* **WHAT IS BEING ASKED**
When you reach the line that contains "thumbnail image 5", begin copying exactly, and continue through the last line of the data; no pictures belong in the copy.

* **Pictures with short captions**
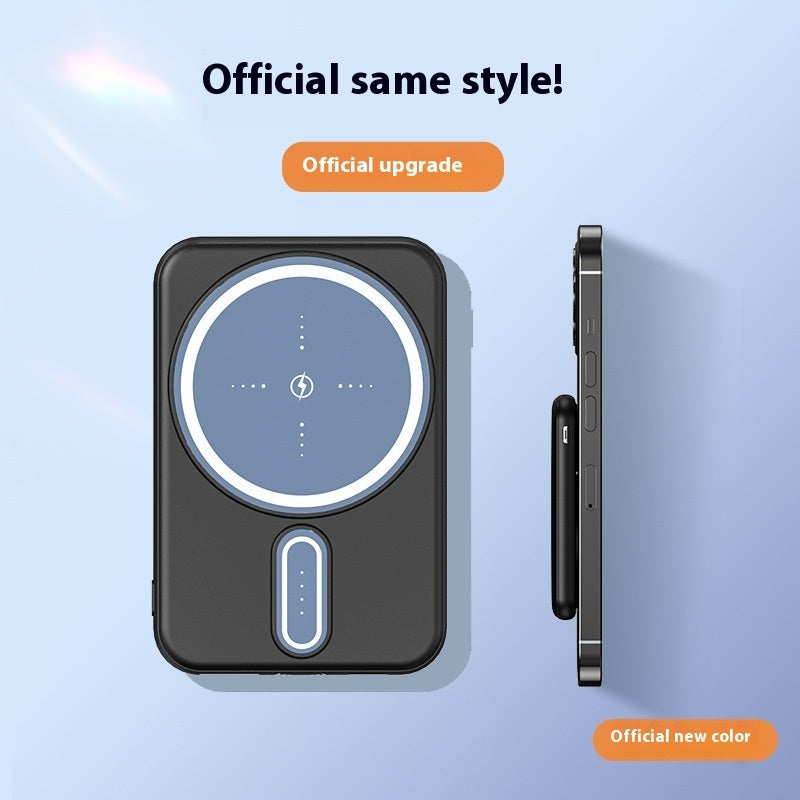 Slim magnetic snap power bank magsafe magnetic wireless charger 5000mah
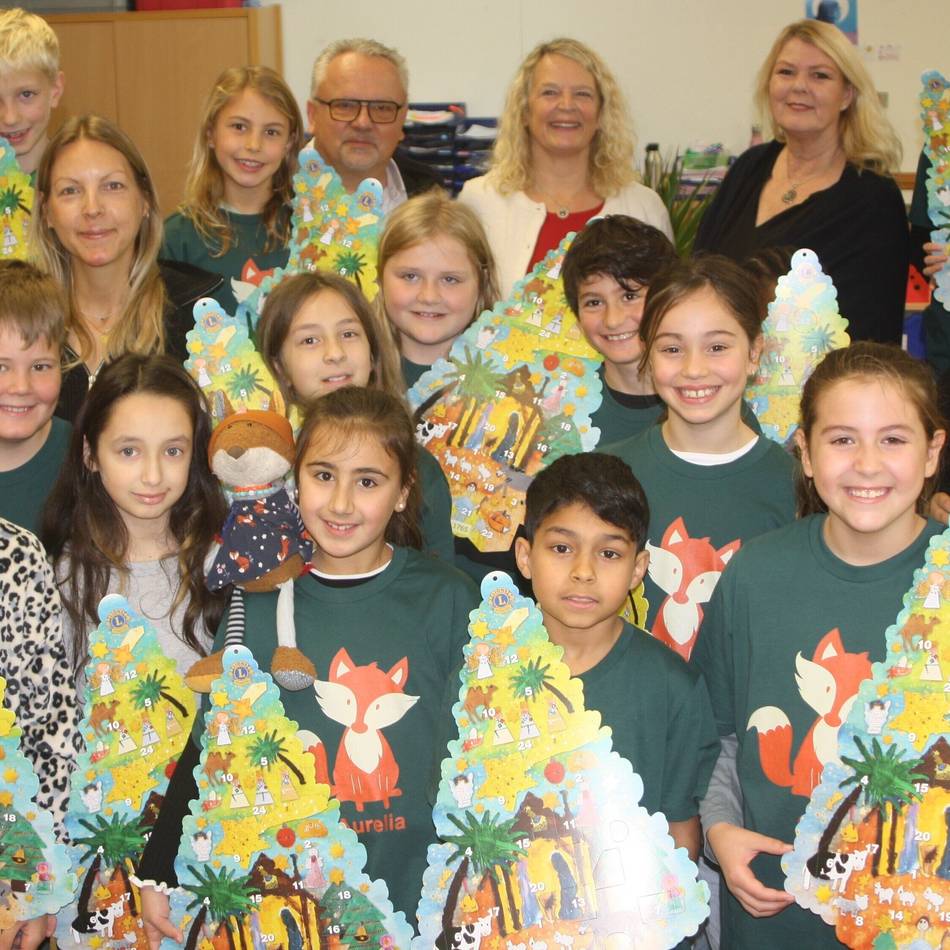 Lions-Club Willich: Grundschüler gestalten den Adventskalender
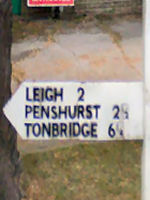 Penshurst sign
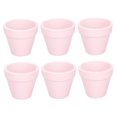 thumbnail image 5 of Raindrops 6pcs Compact Thumb Flower Pots Mini House Flower Containers Flower, 5 of 7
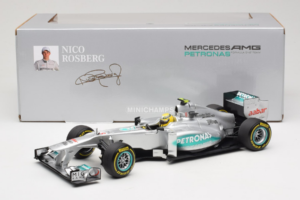 Mercedes W03 #8 N. Rosberg Mercedes AMG Petronas Showcar 2012 Minichamps 1:18 110120078 Diecast - image 7 of 7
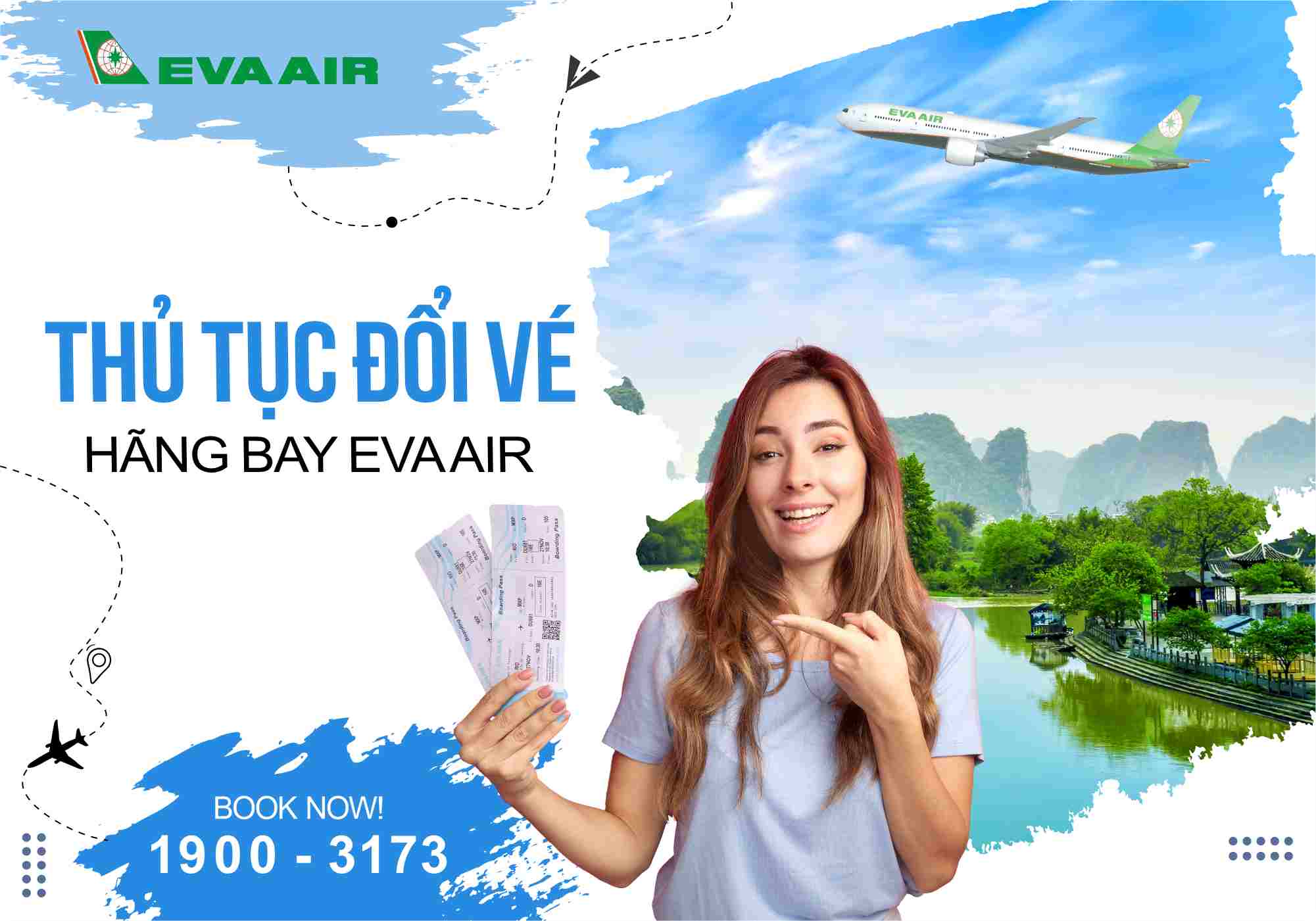 Thủ tục hoàn đổi vé hãng hàng không Eva Air | Vé máy bay Eva Air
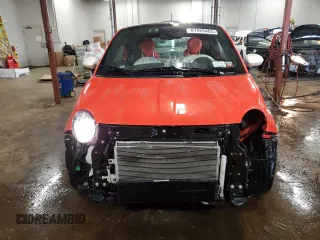 2015 FIAT 500e with VIN 3C3CFFGEXFT522943, listed as a Copart auction lot 87926465 with 19,544 mi miles and Salvage Title. Bid and sale history available at carsss.com. Image 5.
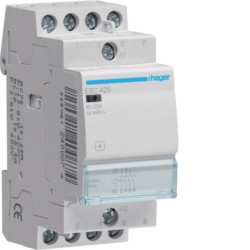 Kontaktorius Hager ESC425 (4P, 25A, 230V, 4NO) HESC425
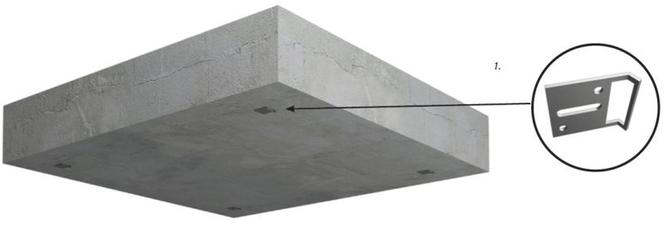 strop betonowy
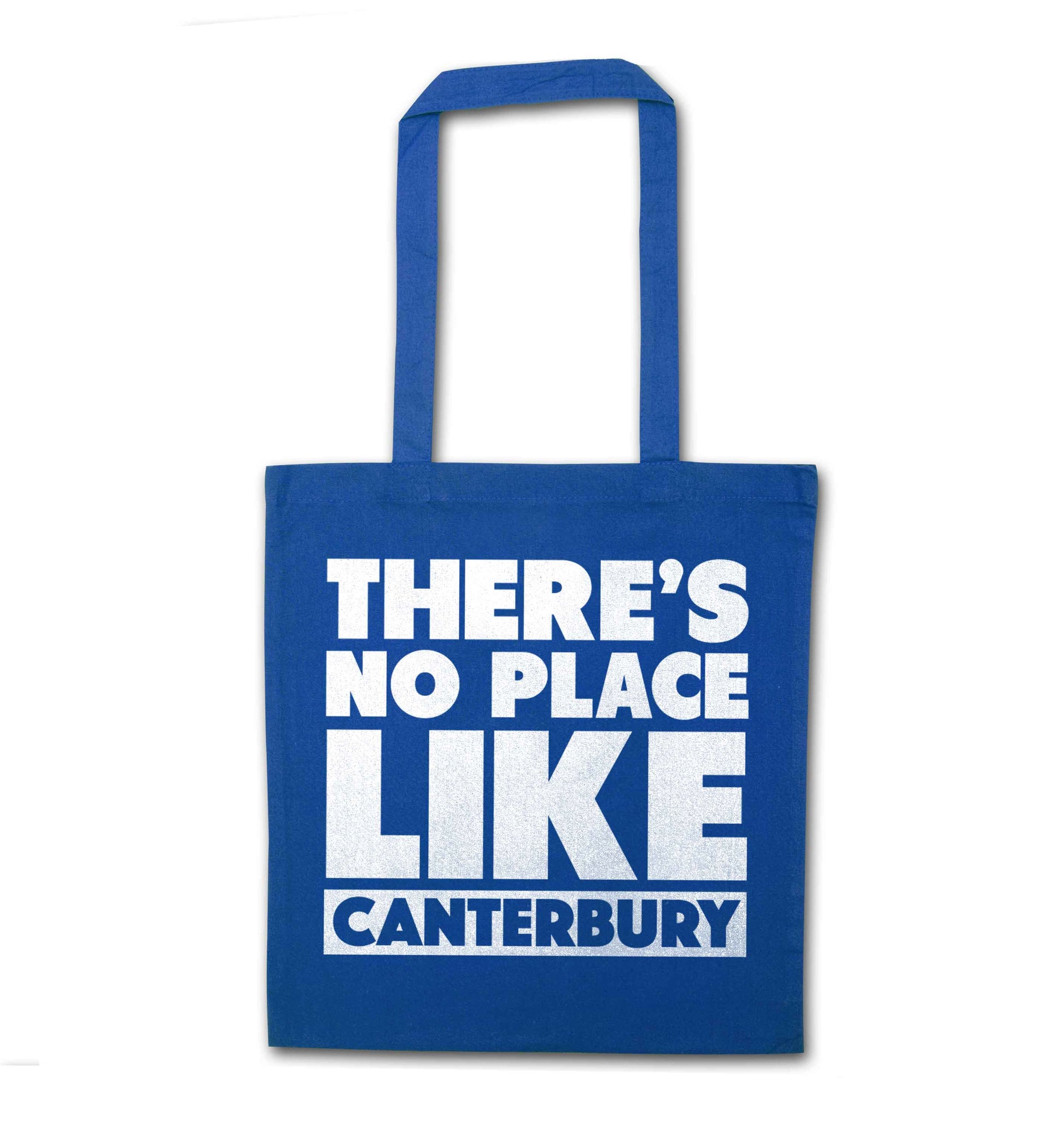There's no place like Canterbury blue tote bag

* **EXERCISE OUTPUT**
 thumbnail image 5 of Raindrops 6pcs Compact Thumb Flower Pots Mini House Flower Containers Flower, 5 of 7
 Mercedes W03 #8 N. Rosberg Mercedes AMG Petronas Showcar 2012 Minichamps 1:18 110120078 Diecast - image 7 of 7
 Thủ tục hoàn đổi vé hãng hàng không Eva Air | Vé máy bay Eva Air
 2015 FIAT 500e with VIN 3C3CFFGEXFT522943, listed as a Copart auction lot 87926465 with 19,544 mi miles and Salvage Title. Bid and sale history available at carsss.com. Image 5.
 Kontaktorius Hager ESC425 (4P, 25A, 230V, 4NO) HESC425
 strop betonowy
There's no place like Canterbury blue tote bag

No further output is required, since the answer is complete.